*** Opening RECORDED DATA ***
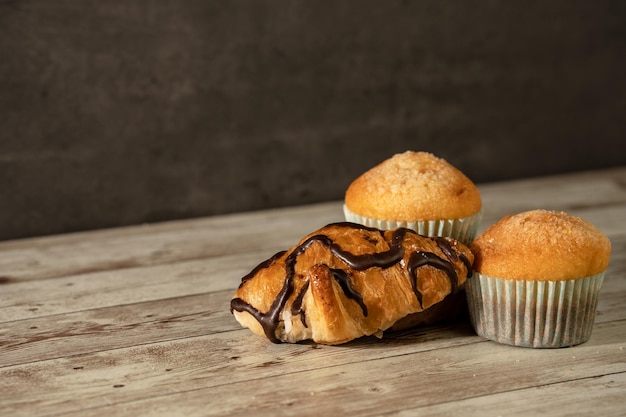 Two freshly baked muffins and a chocolate croissant in the foreground breakfast snack pastry concept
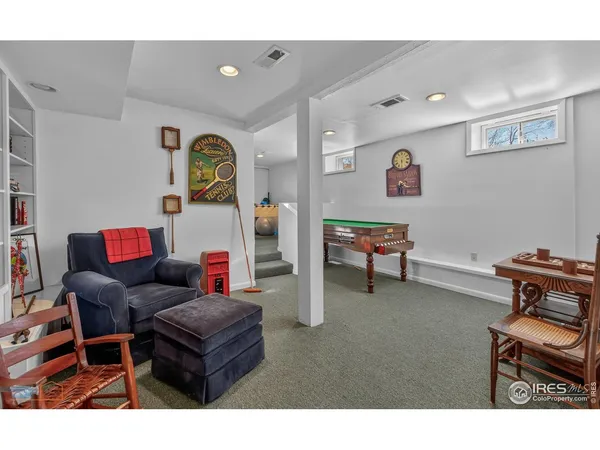 a living room with furniture a bookshelf and a window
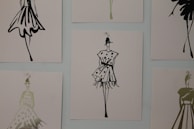 The image contains a series of fashion sketches displayed on a wall. Each sketch features abstract, stylistic drawings of women in various fashionable dresses. The artwork is monochromatic and uses a minimalistic design approach.
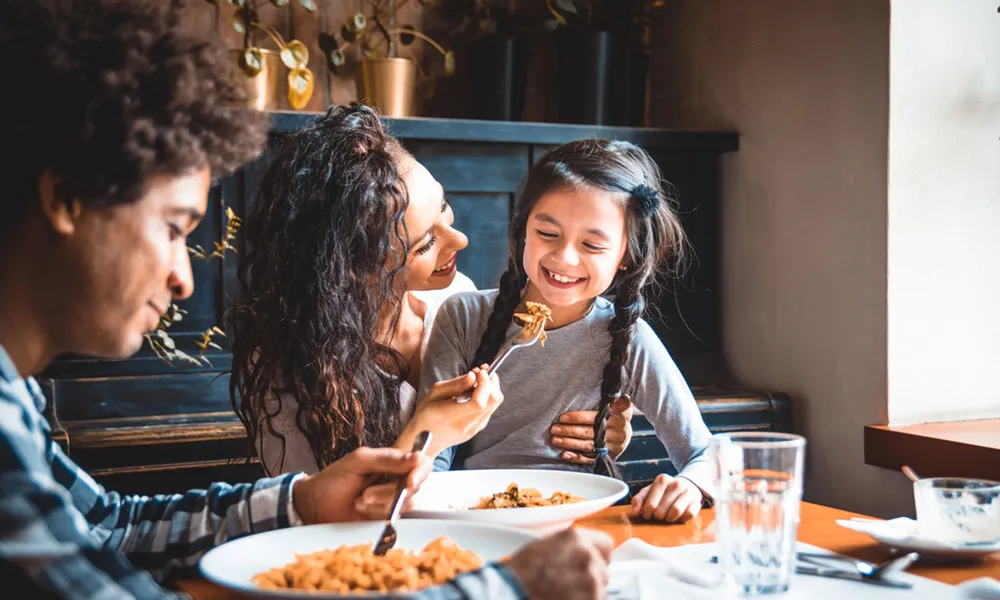 woman feeds child while man eats at same table at restaurant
*** Closing RECORDED DATA ***
▶ **PROBLEM**
Needed here is a verbatim copy of the data from the first line through the line with "The image contains", without pictures.

▶ **EXERCISE ANSWER**
 Two freshly baked muffins and a chocolate croissant in the foreground breakfast snack pastry concept
 a living room with furniture a bookshelf and a window
 The image contains a series of fashion sketches displayed on a wall. Each sketch features abstract, stylistic drawings of women in various fashionable dresses. The artwork is monochromatic and uses a minimalistic design approach.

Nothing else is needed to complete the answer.